For a congregation to field a team, that can beat Satan on the basketball court of life, they need: good mature Christian players; biblically qualified and God called shepherds (elders); and they need a good game plan. Even when we are properly prepared and well led, however, we can fail if our head is not in the game. Paul told the Colossians (Colossians 3:1-11) that they must keep their minds set on the game. When a champion high school team walks out on the court you can bet that their mind is on the game. Before becoming a basketball player the individuals on the team were just like the other kids in their class. But, now they have the power to set aside personal problems; they swallow the pain of injuries; and they can totally focus on playing the game. In the same way, a Christian needs to listen to Paul who told the Colossians that they needed to put to death any desire for sin and unclean living because they were a new creation. Paul would tell them: “now you are a player on Christ’s team so put on the new person and play like the Christian you are.” This is true for the individual Christian and it is true for the Christian congregation.


To succeed in the game of life we must have our head in the game and remain vigilant to all forms of sin. It is not difficult to see the common sins of: anger, hatred, violence, steeling, cheating, meanness, foul language and the like.
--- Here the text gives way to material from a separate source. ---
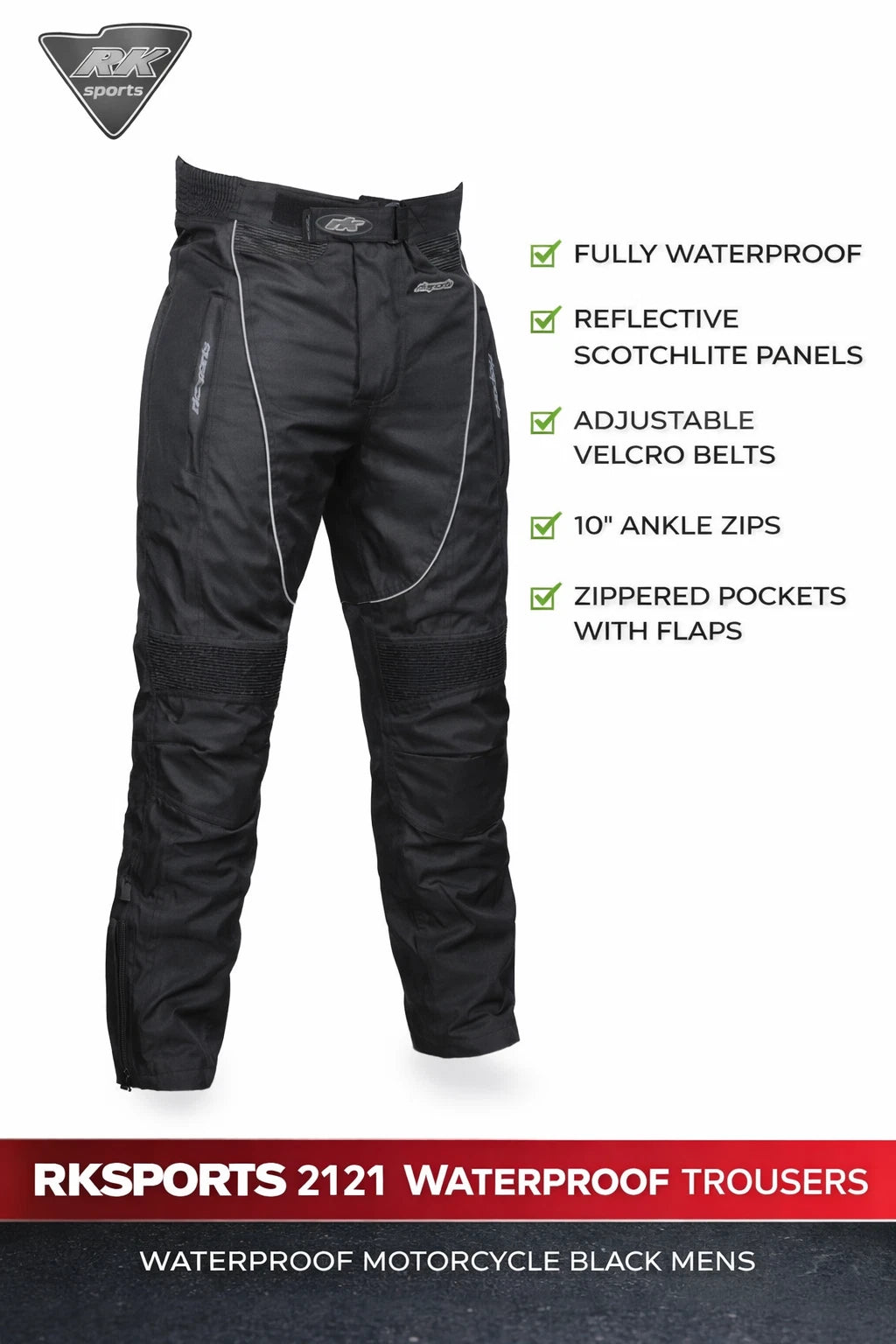 RKSPORTS 2121 WATERPROOF MOTORBIKE MOTORCYCLE BLACK MENS TEXTILE  TROUSERS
It is far more difficult, however, to see the hidden sins that keep us from having our head in the game. When we allow things such as: lust, uncontrolled habits, hurt feelings, jealousy, non-commitment, doubt, and fear to live in our mind we are in grave danger of hidden sin. No one else may see these sins but they will eventually keep us from playing up to our full potential.

As we mature as Christians we should gradually subdue, by the operation of grace, our submission to sin both expressed and hidden. As we gain control over sin in our life, we will also experience an improvement in our performance on the court of life. Paul told Timothy (1 Timothy 4:8) that physical training is good for the body, but if you are to win on the court of life, and in the life to come, you also need to concentrate on training for godliness. Take time to read about … pray about … think about … and praise God: for the opportunity to be a Christian player on the basketball court of life. The more you walk with God the more you will defeat sin and the more you conquer sin the better player you will become.

When Christ freed us from our bondage to sin He placed us on the basketball court of life. Therefore, if you are a Christian you are a player! If you are a mature Christian you are the starting string. Everyone else in life is a slothful spectator: destined to eternal failure. Every Christian can rejoice in the knowledge that we are all free from the condemnation of sin: because Christ took our punishment for us. We now fight a battle against sin; and, without faith it is impossible to become a starting player. The writer of Hebrews (Hebrews 11:6) said: For everyone who comes to God must believe that He is, and that He will reward those who diligently seek Him. Sin does not have to rule in our minds and bodies because we now have the Spirit of God to empower us in this new life as a Christian player on the basketball court of life.